The Husbands

Home > Other > The Husbands > Page 20
The Husbands Page 20

by T. J. Brearton


  This whole thing probably meant he had a screw loose somewhere, there was that. And not just some cross-threaded bolt or bad switch, but major problems with his internal fuse, a busted surge arrester and he was unable to stop hunting and killing and disintegrating the people who were left behind. But nothing was more pathological than believing in your own free will, as if you lived in a vacuum, as if nothing and no one affected you beyond something you could brush off, choose to ignore.

  Cause and effect. This was cause and effect, and it was set out when time began. From that very first spark of all — once things had started everything in motion, nothing would ever stop until it all ran its course. You couldn’t mess with that, no one could, not even him.

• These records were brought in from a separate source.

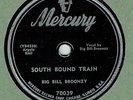 BLUES 78 : BIG BILL BROONZY ON MERCURY 70039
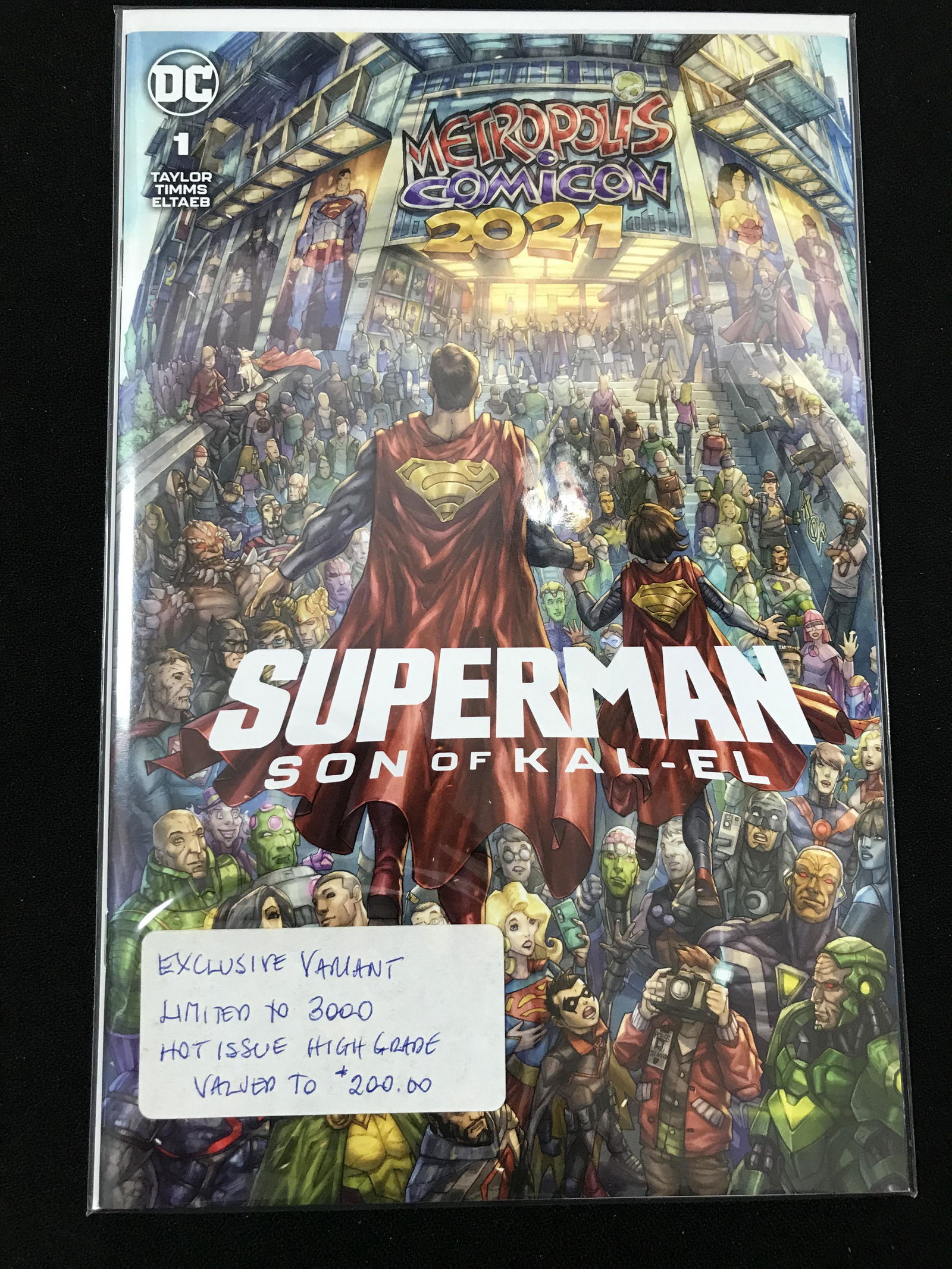 SUPERMAN SON OF KAL-EL #1 (DC COMICS) (1 of 2)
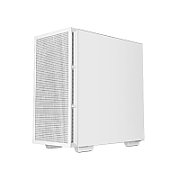 CARCASA DeepCool  CH360 DIGITAL WH , Mini Tower, ATX, fara sursa, 3xfan, USB 3.2 gen 1 x 1, USB 2.0 x 2, audio, PSU shroud, 4 sloturi expansiune, iluminare ARGB, alb,  R-CH360-WHAPE3D-G-1  (timbru verde 0.24lei)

  A little later, then, he went to the range. He took the first earplug and pinched it between his thumb and forefinger and squeezed and rolled it and then stuck it in his right ear. While it expanded to fill his ear canal he took the other plug and squeezed it the same way and put it in his ear. He waited, swiveling his head, until the world of sound closed down to a hushed rumble. Then he pulled the earmuffs out of his bag and spread them and lowered them down over his head and gradually let go so that the tension held them against his ears. Now there was nothing. He tapped the right earmuff with his middle finger. Like someone tapping on a dock when you were six feet down in the water.

  Good — you couldn’t be too careful about that sharp report from the Winchester. Going off like that next to your ear, no protection — too many of the old guys had tinnitus.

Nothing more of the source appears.